L'histoire européenne du genre retient que traditionnellement les individus portés à produire des généalogies appartiennent à des élites dans lesquelles on trouve des individus ayant eu un rôle dans l'histoire ou étant candidats à un tel rôle. En effet, Georges Duby fait l'hypothèse qu'une conscience généalogique naît dans une couche sociale, au moment où les richesses et les pouvoirs de celle-ci ont commencé à être autonomes et à devenir héréditaires 10 . Aujourd'hui, la mobilisation en masse vers la généalogie de populations n'appartenant pas à de telles élites interroge les historiens.

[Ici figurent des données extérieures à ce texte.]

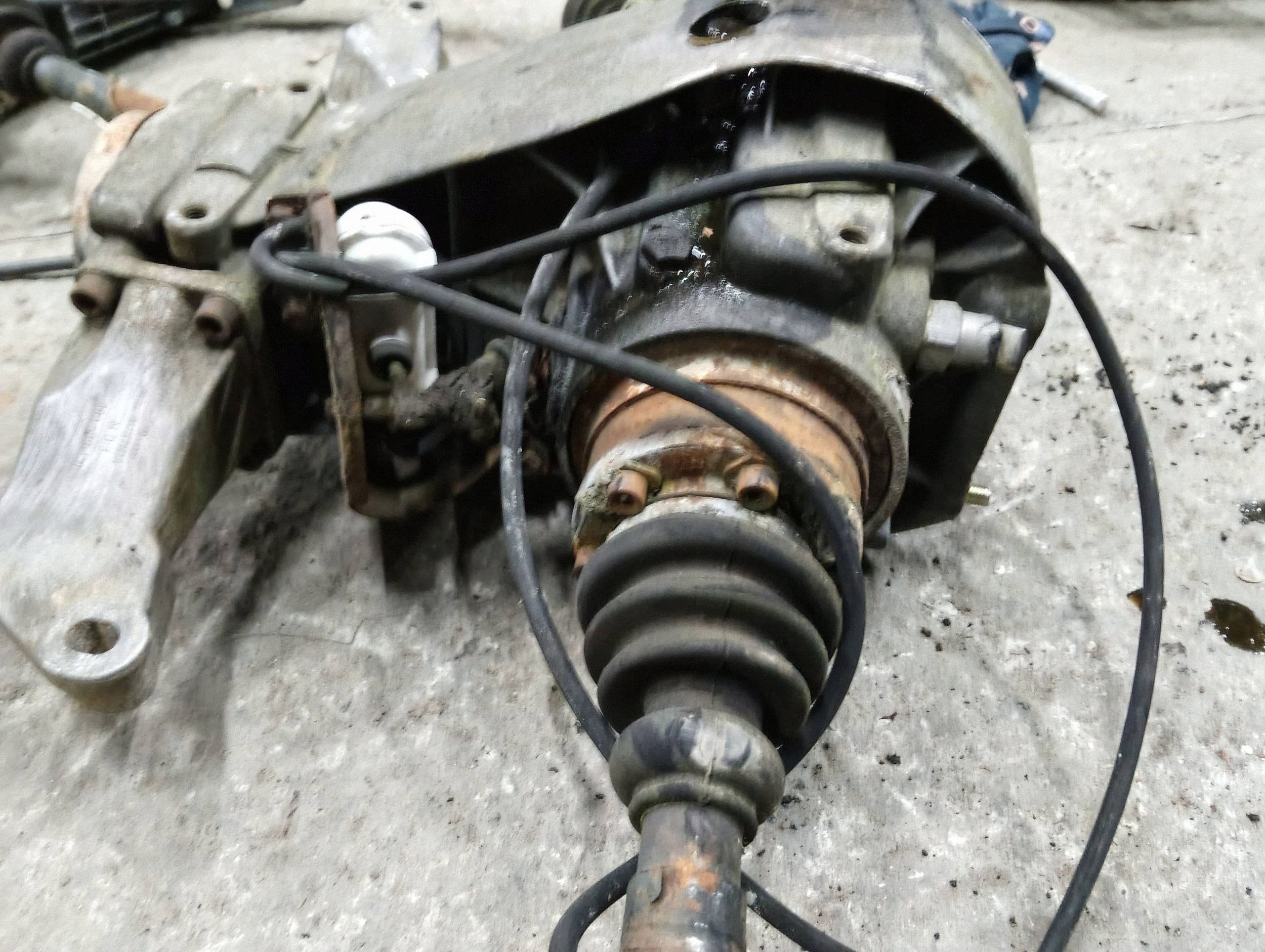 Diferencial delantero Audi 100 S4 C4 893599131 usado 2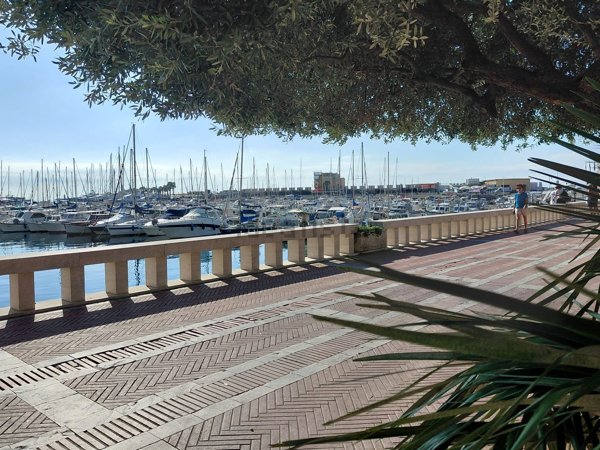 appartamento in vendita ad Imperia in zona Porto Maurizio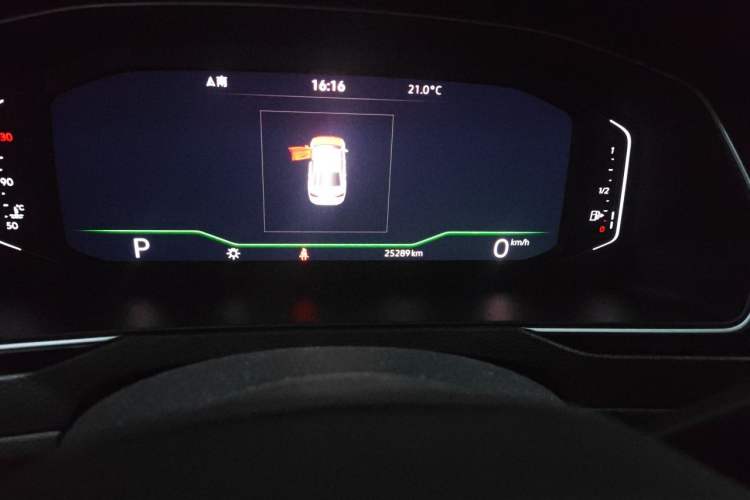 Used Volkswagen Magotan 2023 2 Million Units Commemorative Edition 330TSI DSG Luxury Version Odometer Close Up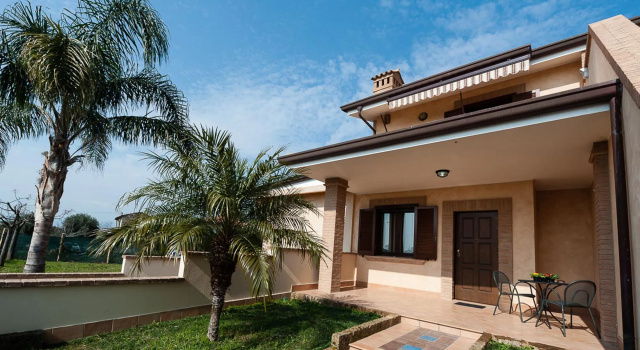 Casa Vacanze Polifemo, Забронировать Отель Сперлонга Побережье Лацио, рядом с Пляж Понэнте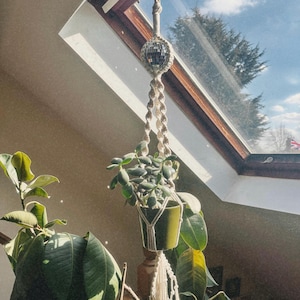 Suspension pour plante en macramé avec grande boule disco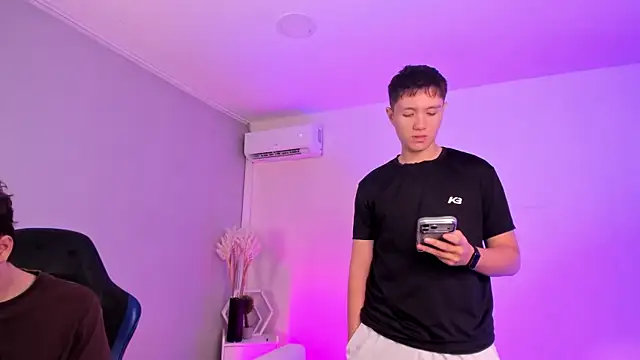 Handsomeboyss19 online show from April 28, 2026, 9:19 pm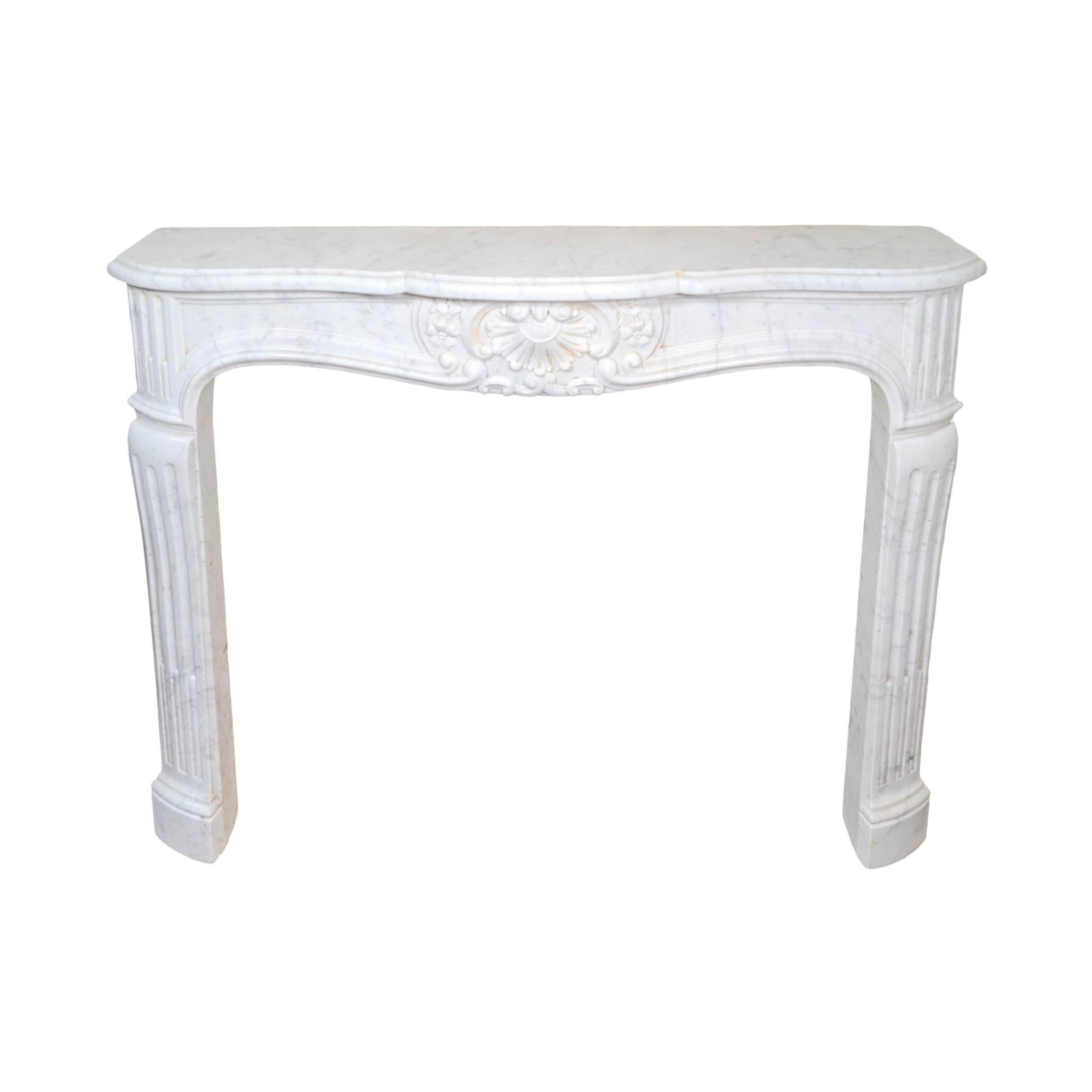 Antique French Carrara Marble Mantel In Good Condition For Sale In Dallas, TX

Assiste-t-on à un mouvement de démocratisation des pratiques généalogiques ? Le débat est en cours. Nous exposerons les hypothèses des historiens, des sociologues et des ethnologues concernant cette question. Les travaux sont encore parcellaires et ne permettent pas de déterminer encore le sens de l'histoire. Nous souhaitons contribuer, nous aussi, au débat. Notre intention est donc d'ancrer nos questions dans celles que se sont posées les chercheurs concernés par les nouvelles populations 11 .

Nous allons indiquer ces questions et montrer en quoi l'analyse de notre corpus peut contribuer à mieux comprendre les conditions à partir desquelles une conscience généalogique émerge et se maintient chez un individu, dans une famille et dans un groupe d'appartenance. Nous avons identifié quatre problématiques. Elles portent sur l'identité des auteurs de généalogies, la pente sociale intergénérationnelle sur laquelle ils se trouvent placés, l'impact de leur déracinement sur la prise de conscience de leur héritage généalogique et enfin, leurs devoirs de mémoire vis-à-vis de leurs ancêtres et leurs attentes concernant leurs descendants.

Notes
9.

. BURGUIERE André (1991), art. cit., pp. 771-788 ; et (1992), opus cit., pp. 18-51.

10.

. DUBY Georges (1979), La société chevaleresque : hommes et structures du Moyen Age, p. 165.

11.

. La comparaison ne satisfera pas entièrement à nos exigences, car les études effectuées sur ces nouvelles populations ne différencient que très rarement les concepts de récit généalogique et de généalogie.